= Beginning of Section =
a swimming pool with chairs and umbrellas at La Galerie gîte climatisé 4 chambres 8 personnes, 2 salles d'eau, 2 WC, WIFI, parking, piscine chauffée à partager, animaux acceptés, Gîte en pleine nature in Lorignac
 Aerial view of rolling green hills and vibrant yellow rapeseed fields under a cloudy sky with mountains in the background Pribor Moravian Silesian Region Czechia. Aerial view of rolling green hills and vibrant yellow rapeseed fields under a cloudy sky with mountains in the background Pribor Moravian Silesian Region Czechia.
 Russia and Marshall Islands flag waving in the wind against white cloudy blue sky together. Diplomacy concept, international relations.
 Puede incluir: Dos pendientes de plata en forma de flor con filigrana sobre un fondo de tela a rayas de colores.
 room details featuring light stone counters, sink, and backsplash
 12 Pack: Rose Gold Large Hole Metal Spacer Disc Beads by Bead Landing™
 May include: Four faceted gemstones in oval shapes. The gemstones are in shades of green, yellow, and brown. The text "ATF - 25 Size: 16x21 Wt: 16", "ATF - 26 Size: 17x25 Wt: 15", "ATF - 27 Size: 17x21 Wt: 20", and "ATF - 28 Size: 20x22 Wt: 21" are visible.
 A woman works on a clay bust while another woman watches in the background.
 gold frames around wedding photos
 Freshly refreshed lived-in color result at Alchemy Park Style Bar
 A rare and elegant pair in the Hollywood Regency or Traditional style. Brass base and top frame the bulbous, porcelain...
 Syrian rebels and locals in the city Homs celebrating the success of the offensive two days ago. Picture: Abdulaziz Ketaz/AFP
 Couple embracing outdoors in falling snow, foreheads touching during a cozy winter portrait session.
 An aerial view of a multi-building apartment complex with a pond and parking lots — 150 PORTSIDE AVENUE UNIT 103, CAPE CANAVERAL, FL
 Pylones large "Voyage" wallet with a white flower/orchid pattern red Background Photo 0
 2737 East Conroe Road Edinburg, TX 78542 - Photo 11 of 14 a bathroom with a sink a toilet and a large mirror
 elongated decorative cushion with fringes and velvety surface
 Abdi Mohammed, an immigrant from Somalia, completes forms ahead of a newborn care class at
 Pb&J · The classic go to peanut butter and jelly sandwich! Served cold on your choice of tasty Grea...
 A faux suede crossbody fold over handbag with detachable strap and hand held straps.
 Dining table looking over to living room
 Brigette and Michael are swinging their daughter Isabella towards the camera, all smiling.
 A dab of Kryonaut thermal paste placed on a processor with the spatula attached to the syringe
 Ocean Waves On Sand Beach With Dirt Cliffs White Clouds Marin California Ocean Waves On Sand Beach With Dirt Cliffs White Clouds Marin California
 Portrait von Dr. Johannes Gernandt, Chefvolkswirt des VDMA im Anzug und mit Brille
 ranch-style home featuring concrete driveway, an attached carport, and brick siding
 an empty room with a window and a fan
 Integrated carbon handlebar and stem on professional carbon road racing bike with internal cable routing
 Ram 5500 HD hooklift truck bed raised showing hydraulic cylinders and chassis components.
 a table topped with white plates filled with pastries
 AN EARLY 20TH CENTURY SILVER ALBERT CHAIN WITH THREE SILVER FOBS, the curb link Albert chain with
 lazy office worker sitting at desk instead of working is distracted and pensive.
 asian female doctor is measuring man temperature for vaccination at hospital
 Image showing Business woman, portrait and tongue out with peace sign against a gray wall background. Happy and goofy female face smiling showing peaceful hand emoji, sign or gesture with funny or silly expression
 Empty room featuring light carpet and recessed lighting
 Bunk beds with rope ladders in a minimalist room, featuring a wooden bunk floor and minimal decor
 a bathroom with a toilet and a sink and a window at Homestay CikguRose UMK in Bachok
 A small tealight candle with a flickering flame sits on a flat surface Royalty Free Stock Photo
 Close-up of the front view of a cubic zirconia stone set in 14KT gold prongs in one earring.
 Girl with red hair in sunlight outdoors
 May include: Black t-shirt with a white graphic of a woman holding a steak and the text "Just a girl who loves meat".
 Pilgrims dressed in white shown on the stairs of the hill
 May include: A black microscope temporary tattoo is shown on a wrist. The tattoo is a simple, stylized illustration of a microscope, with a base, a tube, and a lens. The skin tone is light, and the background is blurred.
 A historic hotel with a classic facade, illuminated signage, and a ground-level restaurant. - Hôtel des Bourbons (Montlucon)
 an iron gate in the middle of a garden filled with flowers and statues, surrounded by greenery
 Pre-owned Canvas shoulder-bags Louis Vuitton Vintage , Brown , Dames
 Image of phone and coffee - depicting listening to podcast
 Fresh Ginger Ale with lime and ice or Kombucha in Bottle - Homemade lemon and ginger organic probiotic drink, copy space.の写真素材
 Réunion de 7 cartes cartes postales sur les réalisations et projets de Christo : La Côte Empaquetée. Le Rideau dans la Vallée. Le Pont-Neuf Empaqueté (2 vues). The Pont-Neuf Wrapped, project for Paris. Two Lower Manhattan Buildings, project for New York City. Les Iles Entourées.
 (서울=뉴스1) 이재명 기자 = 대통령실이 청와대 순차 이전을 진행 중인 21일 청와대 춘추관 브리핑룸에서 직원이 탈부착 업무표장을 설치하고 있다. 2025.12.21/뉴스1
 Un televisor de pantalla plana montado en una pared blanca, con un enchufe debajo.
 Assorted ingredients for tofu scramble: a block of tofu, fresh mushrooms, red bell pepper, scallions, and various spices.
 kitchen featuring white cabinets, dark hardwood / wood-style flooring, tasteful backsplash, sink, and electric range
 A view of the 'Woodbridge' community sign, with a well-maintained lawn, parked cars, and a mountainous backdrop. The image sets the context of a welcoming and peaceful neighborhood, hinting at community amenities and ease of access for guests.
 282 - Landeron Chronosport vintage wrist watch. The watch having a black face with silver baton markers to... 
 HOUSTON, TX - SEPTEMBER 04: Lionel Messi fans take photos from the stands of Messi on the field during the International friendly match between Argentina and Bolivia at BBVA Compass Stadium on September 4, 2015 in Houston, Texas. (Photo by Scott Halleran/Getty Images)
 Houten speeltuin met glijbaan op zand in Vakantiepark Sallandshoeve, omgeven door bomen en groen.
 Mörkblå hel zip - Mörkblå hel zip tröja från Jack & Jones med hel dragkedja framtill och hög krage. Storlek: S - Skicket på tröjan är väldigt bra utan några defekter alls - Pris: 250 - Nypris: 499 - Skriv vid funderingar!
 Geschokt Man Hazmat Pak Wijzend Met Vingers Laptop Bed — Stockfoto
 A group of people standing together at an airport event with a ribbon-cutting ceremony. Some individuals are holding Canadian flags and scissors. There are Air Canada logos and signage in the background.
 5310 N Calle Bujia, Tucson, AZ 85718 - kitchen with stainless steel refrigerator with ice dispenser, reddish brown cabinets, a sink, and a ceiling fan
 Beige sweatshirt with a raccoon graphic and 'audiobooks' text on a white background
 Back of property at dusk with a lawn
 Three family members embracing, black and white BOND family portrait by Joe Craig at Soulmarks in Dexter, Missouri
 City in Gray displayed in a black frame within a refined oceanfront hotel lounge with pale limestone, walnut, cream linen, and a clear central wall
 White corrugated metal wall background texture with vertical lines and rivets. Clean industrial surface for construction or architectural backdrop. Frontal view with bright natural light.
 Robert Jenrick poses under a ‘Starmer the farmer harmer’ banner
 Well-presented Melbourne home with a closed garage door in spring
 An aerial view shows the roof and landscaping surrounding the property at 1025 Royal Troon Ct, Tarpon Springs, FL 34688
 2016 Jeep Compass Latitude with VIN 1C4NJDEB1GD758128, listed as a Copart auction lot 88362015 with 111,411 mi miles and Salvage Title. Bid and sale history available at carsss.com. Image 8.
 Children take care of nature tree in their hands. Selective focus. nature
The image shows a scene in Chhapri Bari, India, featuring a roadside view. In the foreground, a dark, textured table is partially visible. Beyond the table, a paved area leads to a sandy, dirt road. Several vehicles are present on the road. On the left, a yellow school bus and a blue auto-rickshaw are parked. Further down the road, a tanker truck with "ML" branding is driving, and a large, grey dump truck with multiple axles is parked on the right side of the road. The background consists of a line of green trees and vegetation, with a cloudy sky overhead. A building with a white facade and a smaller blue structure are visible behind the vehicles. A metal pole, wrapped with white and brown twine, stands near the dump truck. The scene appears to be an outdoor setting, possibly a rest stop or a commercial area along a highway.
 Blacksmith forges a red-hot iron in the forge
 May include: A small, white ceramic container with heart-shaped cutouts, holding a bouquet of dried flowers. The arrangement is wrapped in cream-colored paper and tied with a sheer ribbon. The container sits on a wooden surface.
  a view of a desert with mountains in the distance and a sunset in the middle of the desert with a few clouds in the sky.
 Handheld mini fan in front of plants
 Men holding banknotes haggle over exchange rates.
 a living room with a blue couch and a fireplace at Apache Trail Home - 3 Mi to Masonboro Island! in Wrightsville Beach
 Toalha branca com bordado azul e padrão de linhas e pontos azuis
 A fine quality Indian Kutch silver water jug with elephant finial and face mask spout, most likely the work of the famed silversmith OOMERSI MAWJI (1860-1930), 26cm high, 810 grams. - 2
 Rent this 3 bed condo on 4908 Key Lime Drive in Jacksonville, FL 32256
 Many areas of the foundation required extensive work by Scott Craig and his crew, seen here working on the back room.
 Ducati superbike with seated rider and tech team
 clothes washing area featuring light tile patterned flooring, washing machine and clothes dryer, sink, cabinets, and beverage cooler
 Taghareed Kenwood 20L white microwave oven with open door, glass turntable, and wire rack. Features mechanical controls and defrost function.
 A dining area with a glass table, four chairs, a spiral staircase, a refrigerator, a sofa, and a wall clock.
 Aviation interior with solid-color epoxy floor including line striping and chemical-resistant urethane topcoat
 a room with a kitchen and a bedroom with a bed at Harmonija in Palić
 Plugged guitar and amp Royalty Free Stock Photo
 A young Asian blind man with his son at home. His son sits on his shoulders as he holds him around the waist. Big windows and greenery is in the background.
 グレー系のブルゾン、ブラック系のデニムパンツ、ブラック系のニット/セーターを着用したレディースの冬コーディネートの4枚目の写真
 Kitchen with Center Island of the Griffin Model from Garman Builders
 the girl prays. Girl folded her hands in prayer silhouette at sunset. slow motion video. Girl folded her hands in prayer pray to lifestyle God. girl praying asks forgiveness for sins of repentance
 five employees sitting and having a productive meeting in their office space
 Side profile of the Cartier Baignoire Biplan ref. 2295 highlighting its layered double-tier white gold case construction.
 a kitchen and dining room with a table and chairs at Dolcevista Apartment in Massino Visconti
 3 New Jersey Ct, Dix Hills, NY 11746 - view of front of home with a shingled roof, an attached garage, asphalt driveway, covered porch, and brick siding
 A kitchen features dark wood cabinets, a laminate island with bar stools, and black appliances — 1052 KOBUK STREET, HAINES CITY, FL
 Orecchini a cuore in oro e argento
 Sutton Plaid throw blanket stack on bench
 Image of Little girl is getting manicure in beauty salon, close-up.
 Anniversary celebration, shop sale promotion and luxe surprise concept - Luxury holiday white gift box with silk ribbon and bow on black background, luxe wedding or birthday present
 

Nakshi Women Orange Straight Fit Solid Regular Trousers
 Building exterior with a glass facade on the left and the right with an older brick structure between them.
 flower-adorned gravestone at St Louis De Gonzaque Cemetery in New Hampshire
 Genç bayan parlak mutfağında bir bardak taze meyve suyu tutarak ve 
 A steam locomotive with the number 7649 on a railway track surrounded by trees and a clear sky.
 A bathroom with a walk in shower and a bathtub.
= End of Section =
A single number is the answer here: the count of lines in the listing that hold the string "holding".

Task output: 4